Caption-style text data:
------------------------------------

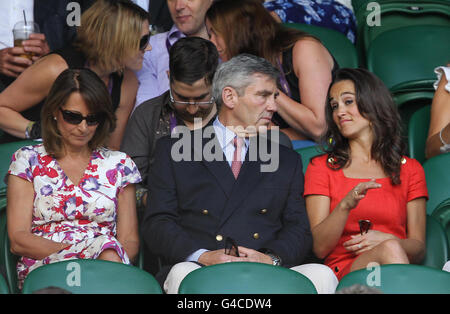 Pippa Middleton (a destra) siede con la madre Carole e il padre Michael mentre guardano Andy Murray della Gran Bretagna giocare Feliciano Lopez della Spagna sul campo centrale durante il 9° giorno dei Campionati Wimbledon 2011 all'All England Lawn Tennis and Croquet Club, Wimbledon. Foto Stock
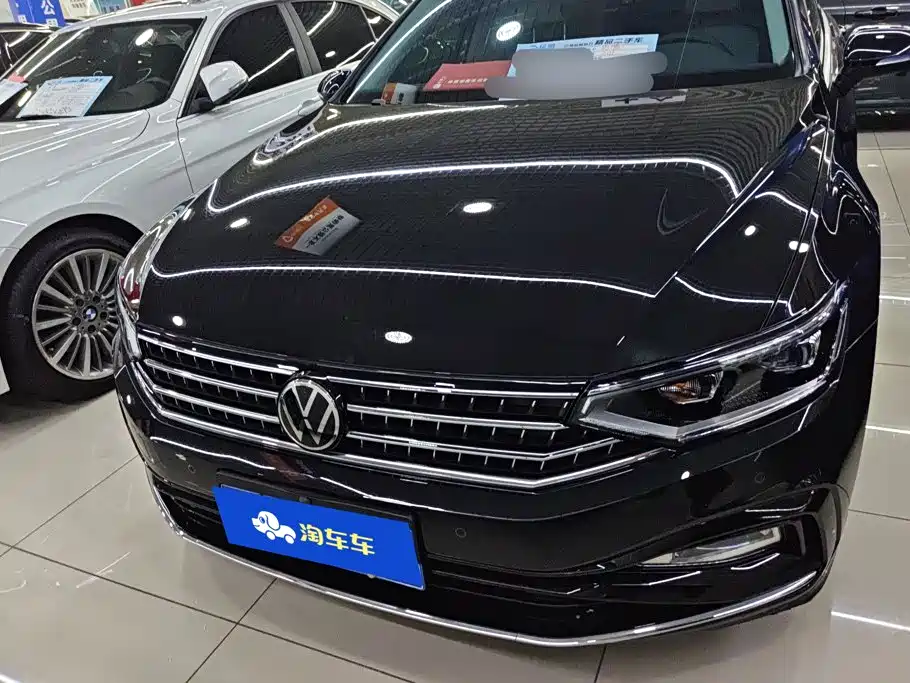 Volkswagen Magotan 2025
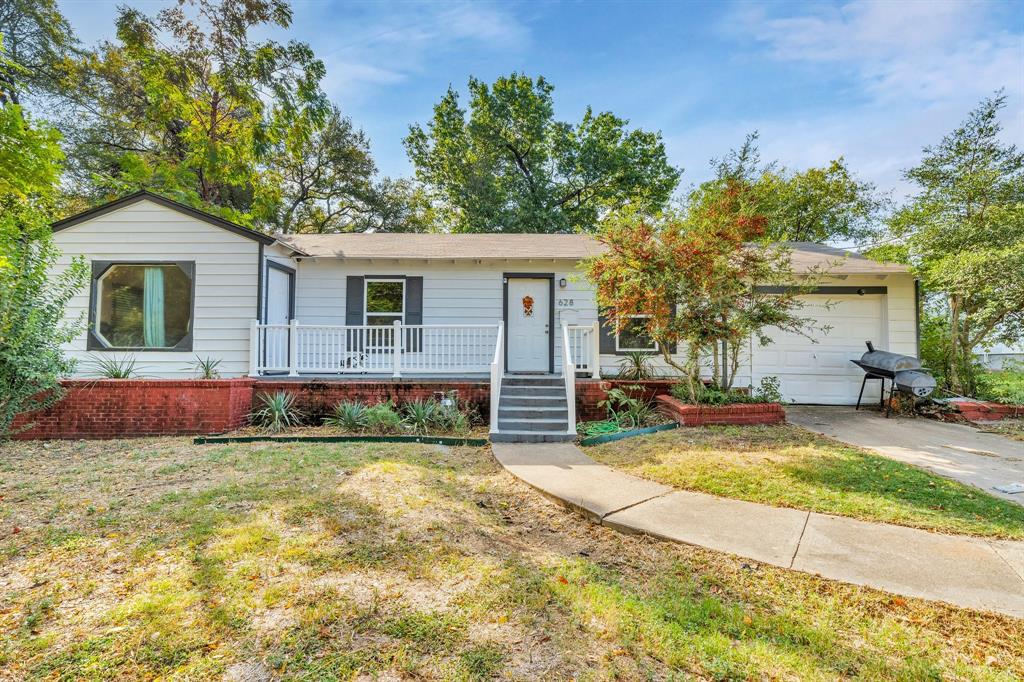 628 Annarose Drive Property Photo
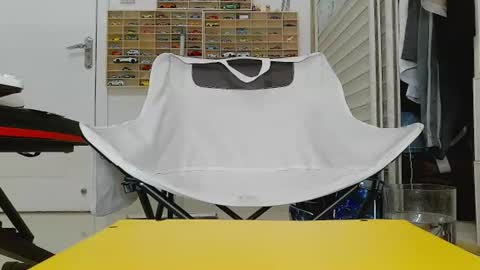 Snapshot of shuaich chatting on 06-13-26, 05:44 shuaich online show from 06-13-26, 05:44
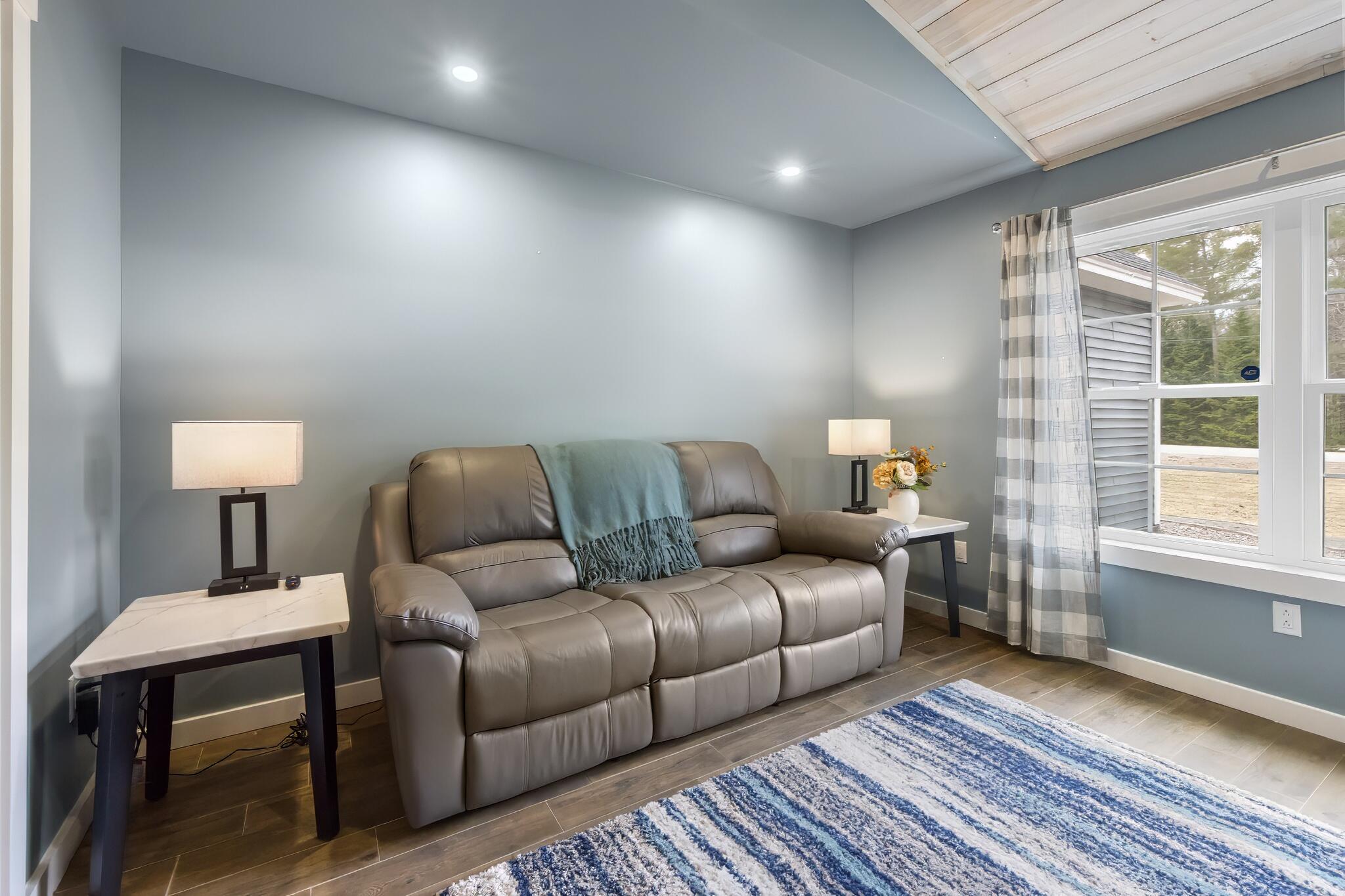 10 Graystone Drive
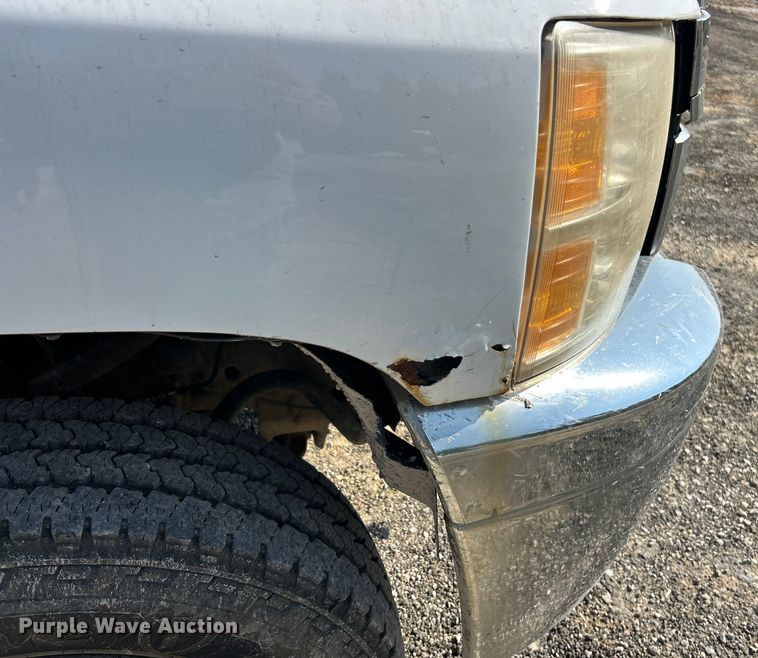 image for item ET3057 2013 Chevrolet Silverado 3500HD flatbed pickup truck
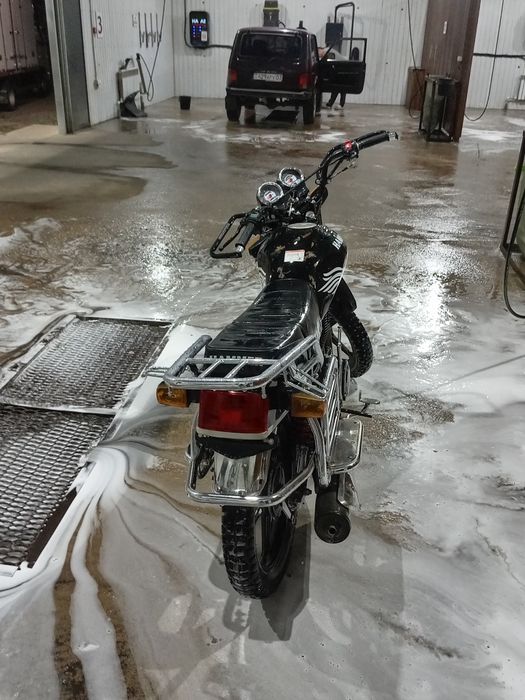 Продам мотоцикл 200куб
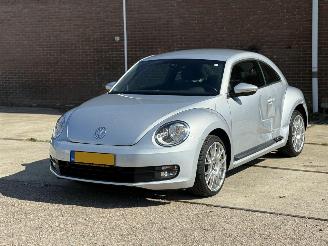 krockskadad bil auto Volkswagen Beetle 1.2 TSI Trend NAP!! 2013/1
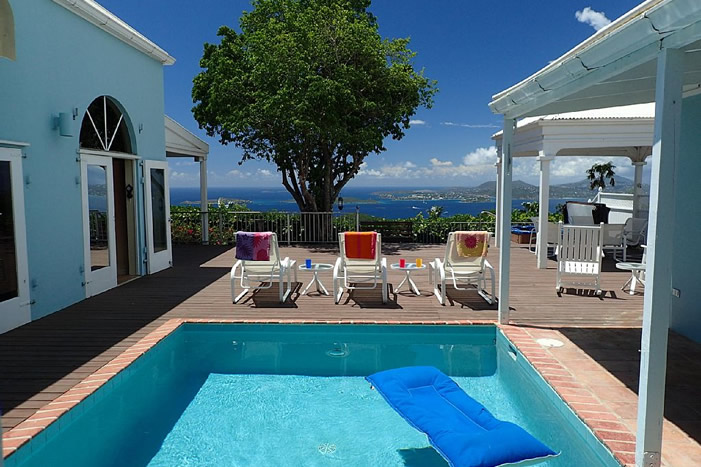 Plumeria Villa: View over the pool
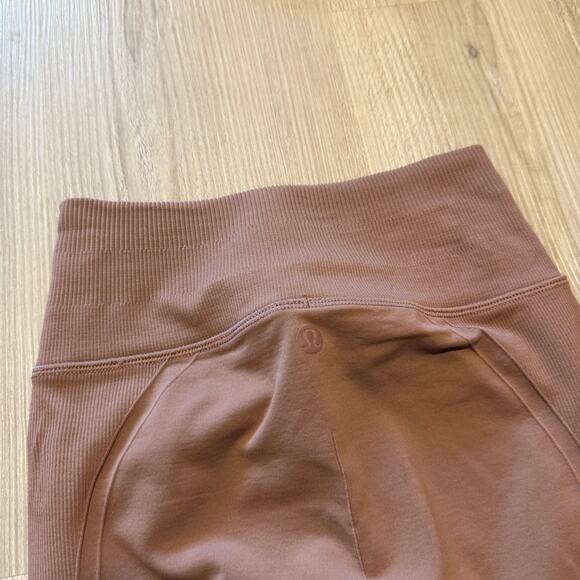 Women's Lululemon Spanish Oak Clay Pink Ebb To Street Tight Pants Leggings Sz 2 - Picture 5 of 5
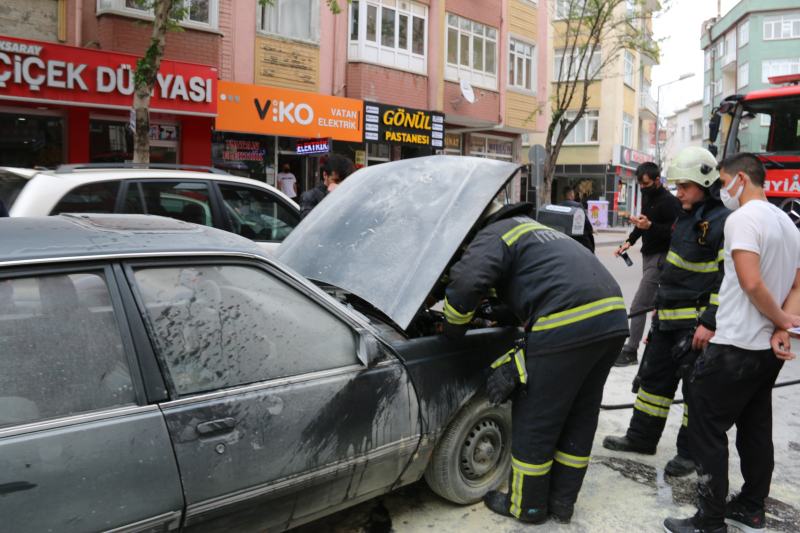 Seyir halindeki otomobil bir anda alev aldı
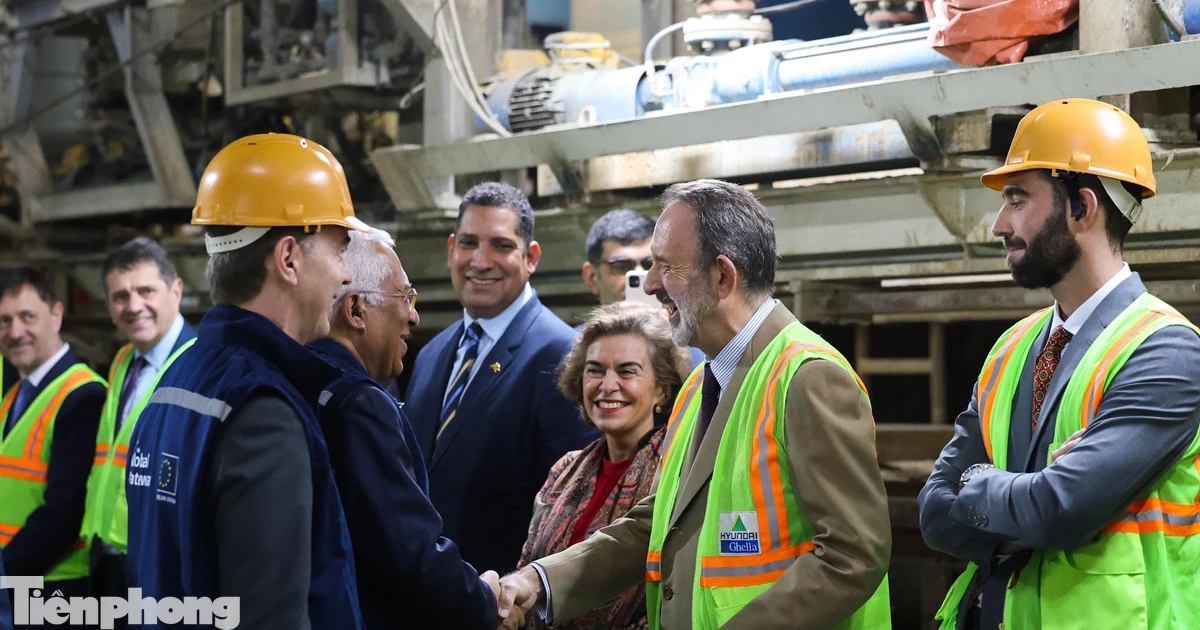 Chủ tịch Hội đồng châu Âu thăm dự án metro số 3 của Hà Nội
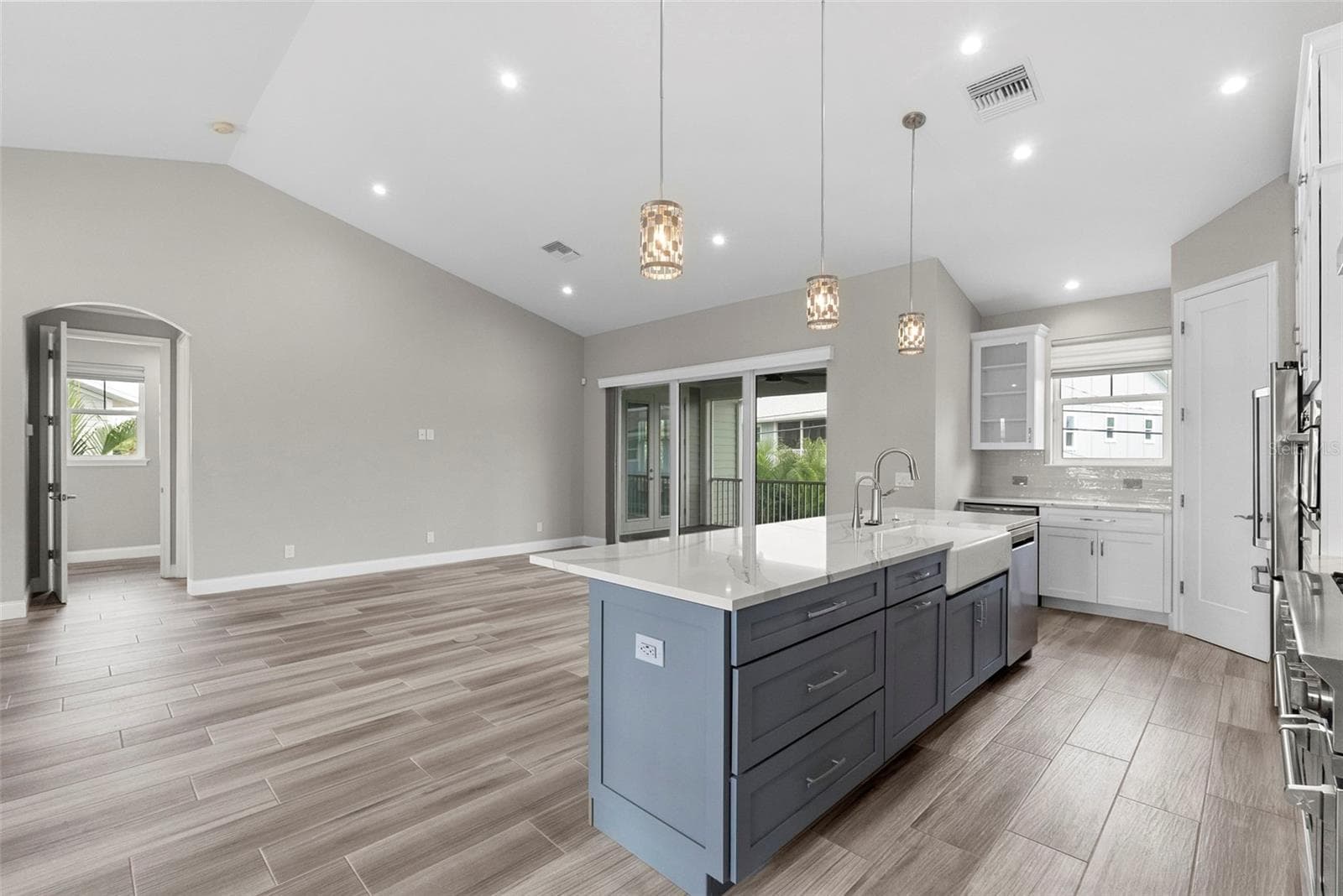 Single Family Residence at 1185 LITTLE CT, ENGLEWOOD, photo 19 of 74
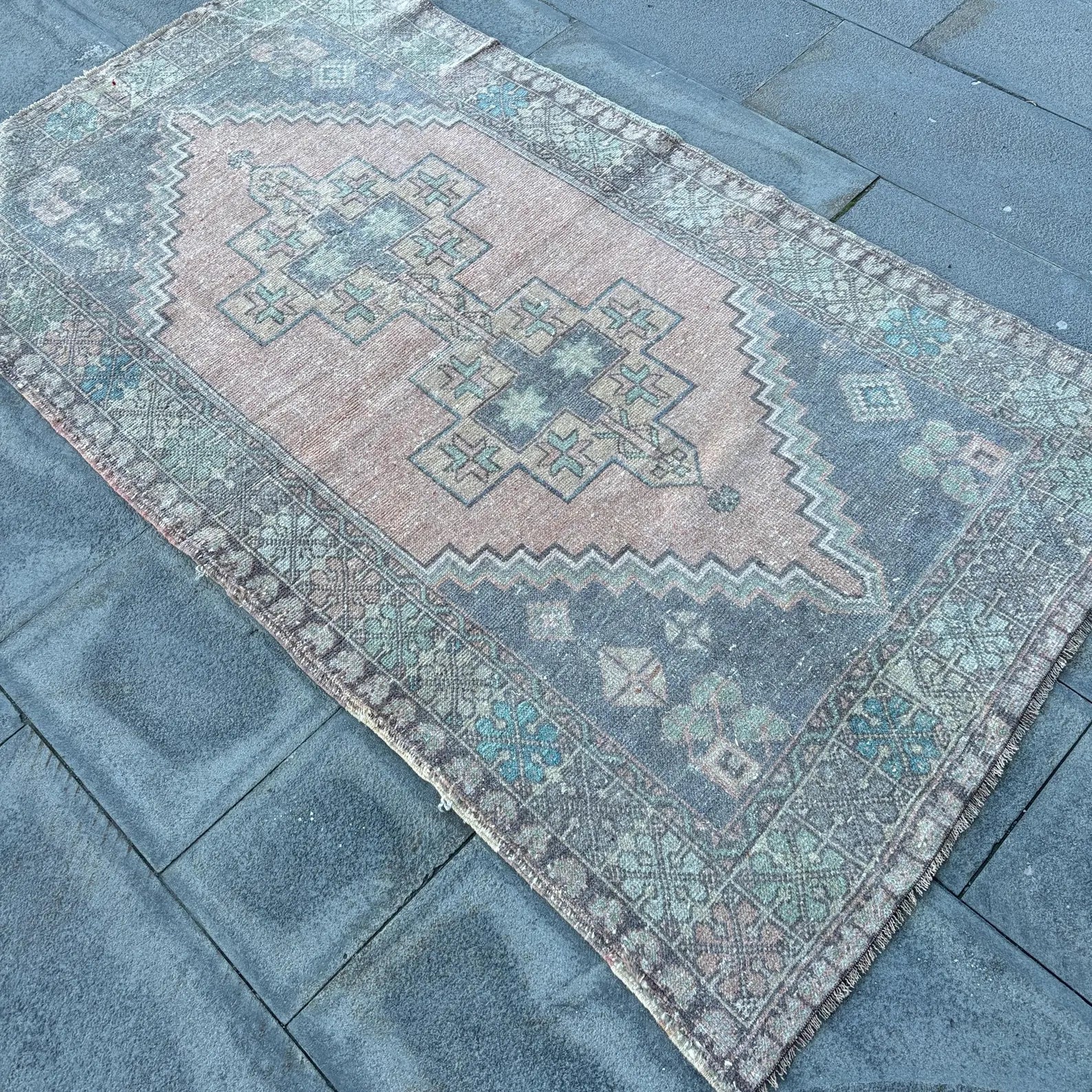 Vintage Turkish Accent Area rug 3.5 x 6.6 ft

------------------------------------

Please copy the lines above exactly as written, apart from any pictures.

 Pippa Middleton (a destra) siede con la madre Carole e il padre Michael mentre guardano Andy Murray della Gran Bretagna giocare Feliciano Lopez della Spagna sul campo centrale durante il 9° giorno dei Campionati Wimbledon 2011 all'All England Lawn Tennis and Croquet Club, Wimbledon. Foto Stock
 Volkswagen Magotan 2025
 628 Annarose Drive Property Photo
 Snapshot of shuaich chatting on 06-13-26, 05:44 shuaich online show from 06-13-26, 05:44
 10 Graystone Drive
 image for item ET3057 2013 Chevrolet Silverado 3500HD flatbed pickup truck
 Продам мотоцикл 200куб
 krockskadad bil auto Volkswagen Beetle 1.2 TSI Trend NAP!! 2013/1
 Plumeria Villa: View over the pool
 Women's Lululemon Spanish Oak Clay Pink Ebb To Street Tight Pants Leggings Sz 2 - Picture 5 of 5
 Seyir halindeki otomobil bir anda alev aldı
 Chủ tịch Hội đồng châu Âu thăm dự án metro số 3 của Hà Nội
 Single Family Residence at 1185 LITTLE CT, ENGLEWOOD, photo 19 of 74
 Vintage Turkish Accent Area rug 3.5 x 6.6 ft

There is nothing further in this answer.